## Task material
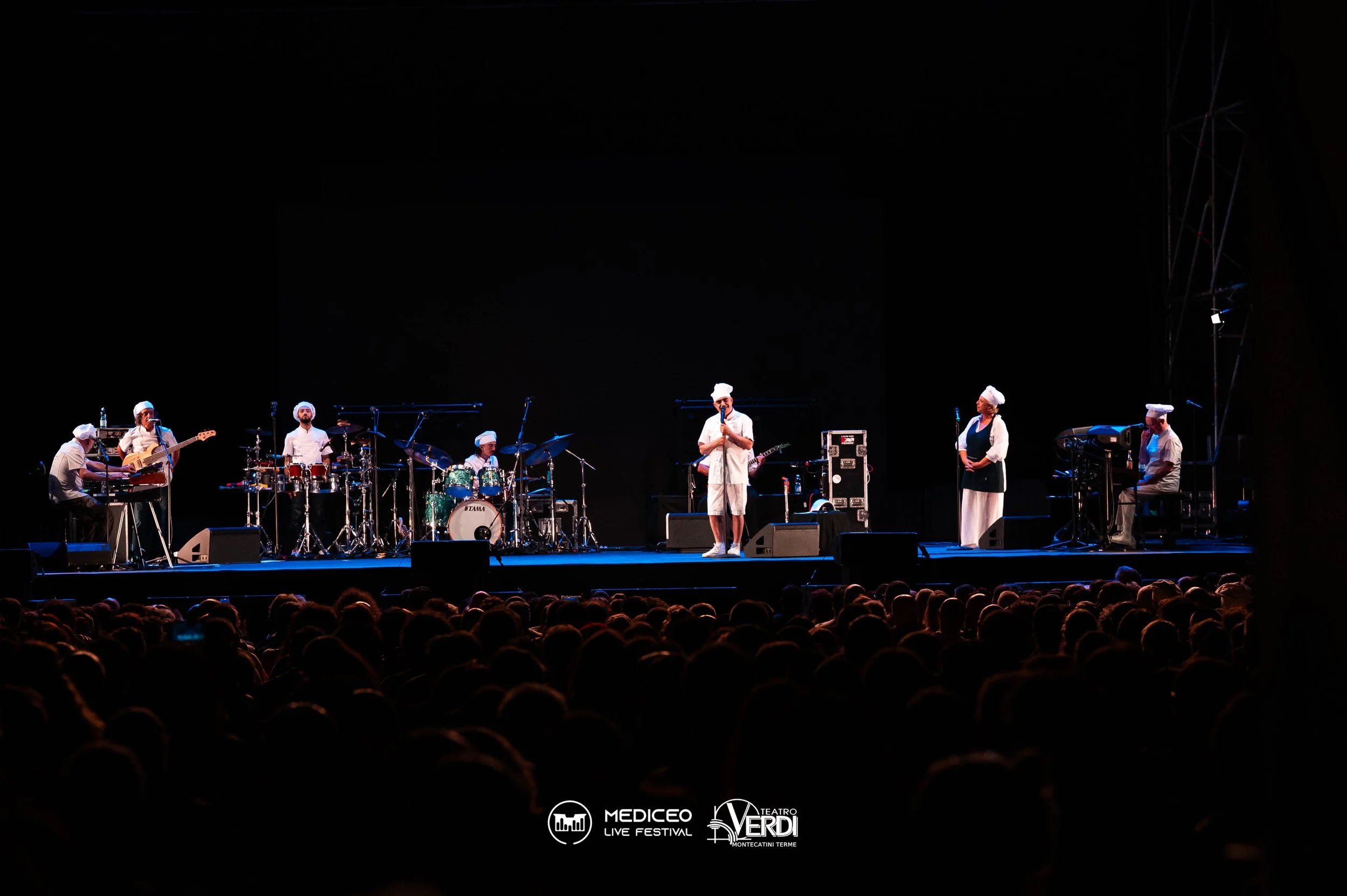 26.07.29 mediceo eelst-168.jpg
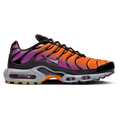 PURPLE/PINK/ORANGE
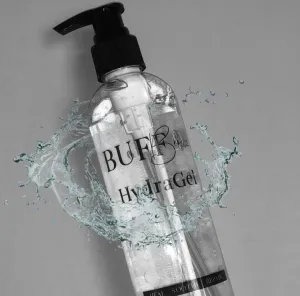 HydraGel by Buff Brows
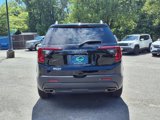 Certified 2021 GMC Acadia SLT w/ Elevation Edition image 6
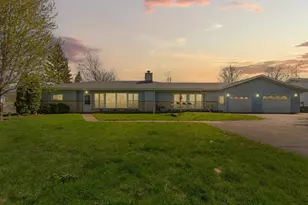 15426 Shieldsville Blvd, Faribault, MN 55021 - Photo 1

## How to complete this task
Down to the last line, reproduce the material above exactly; skip its images.

## Solution to this exercise
 26.07.29 mediceo eelst-168.jpg
 PURPLE/PINK/ORANGE
 HydraGel by Buff Brows
 Certified 2021 GMC Acadia SLT w/ Elevation Edition image 6
 15426 Shieldsville Blvd, Faribault, MN 55021 - Photo 1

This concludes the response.